Repeat the listing that follows exactly. Pictures are not part of the copy.

------ Stored data ------

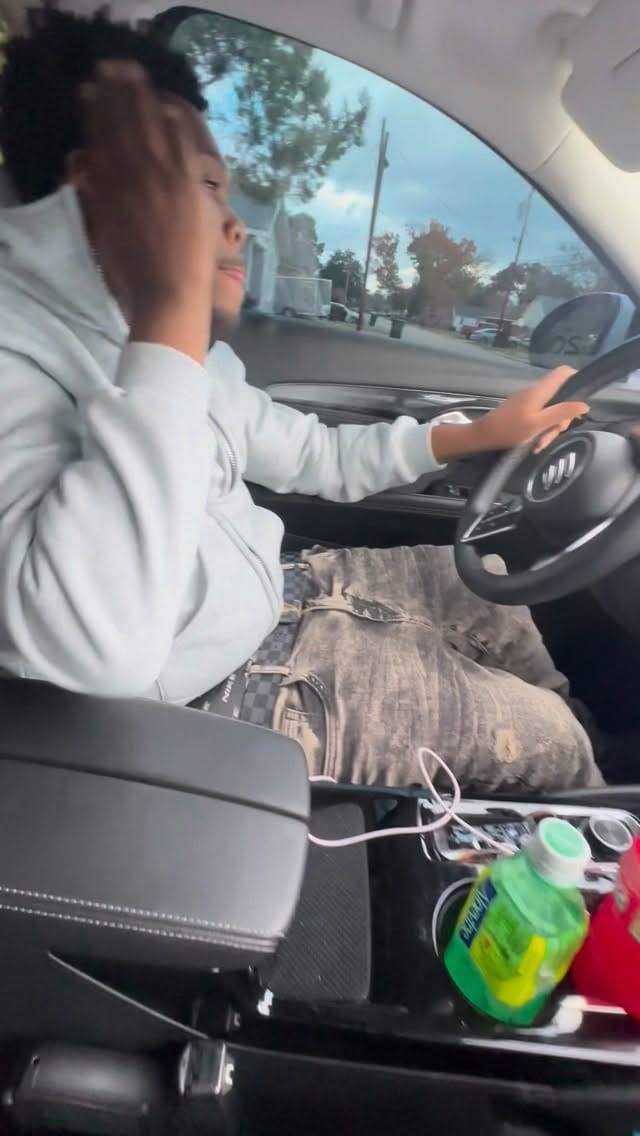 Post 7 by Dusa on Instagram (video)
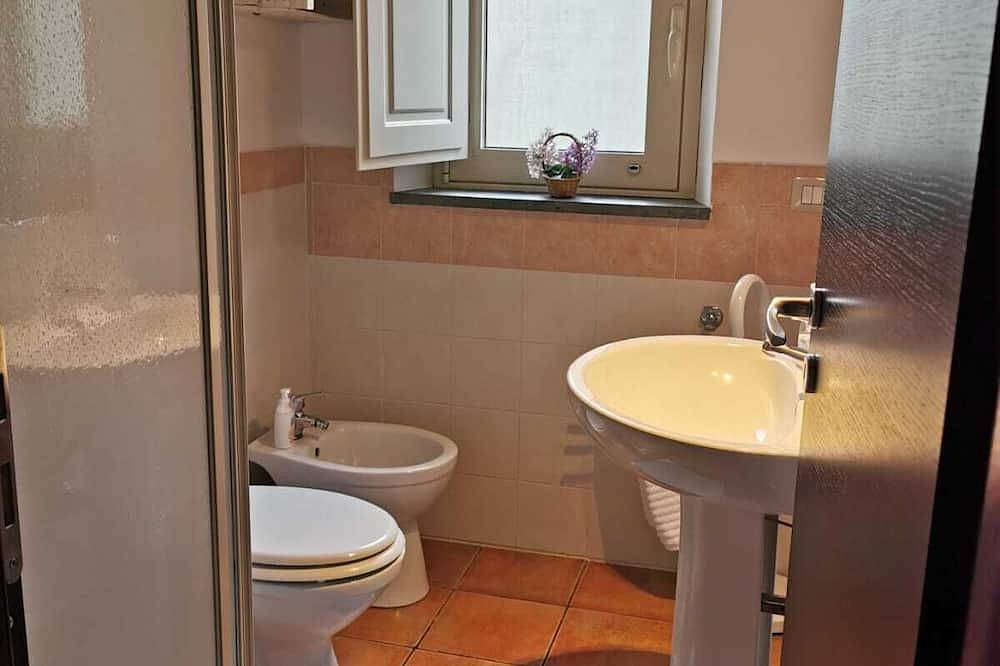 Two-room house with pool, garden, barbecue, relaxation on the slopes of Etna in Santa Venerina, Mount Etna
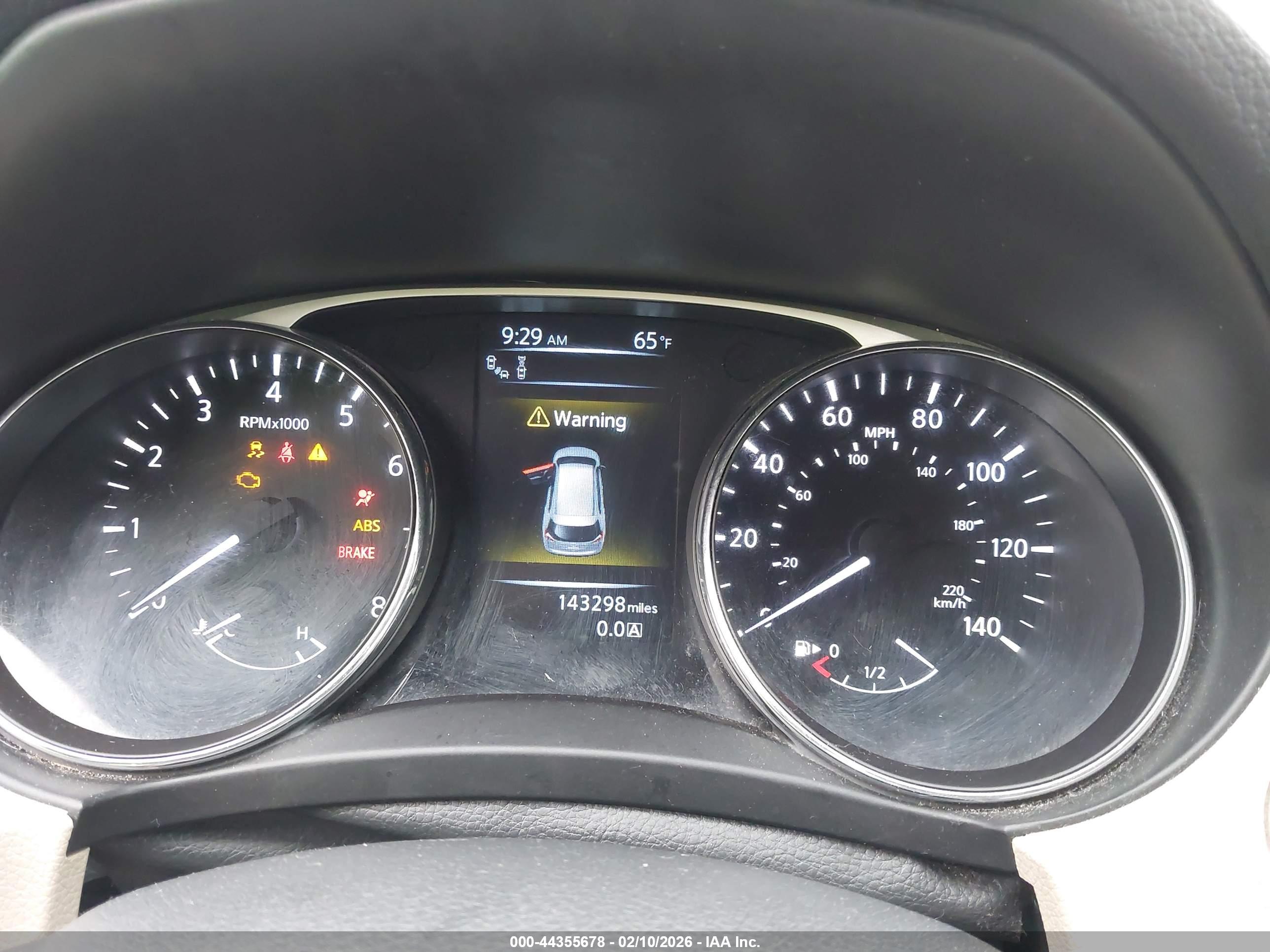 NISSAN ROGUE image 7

------

# [Written answer]
 Post 7 by Dusa on Instagram (video)
 Two-room house with pool, garden, barbecue, relaxation on the slopes of Etna in Santa Venerina, Mount Etna
 NISSAN ROGUE image 7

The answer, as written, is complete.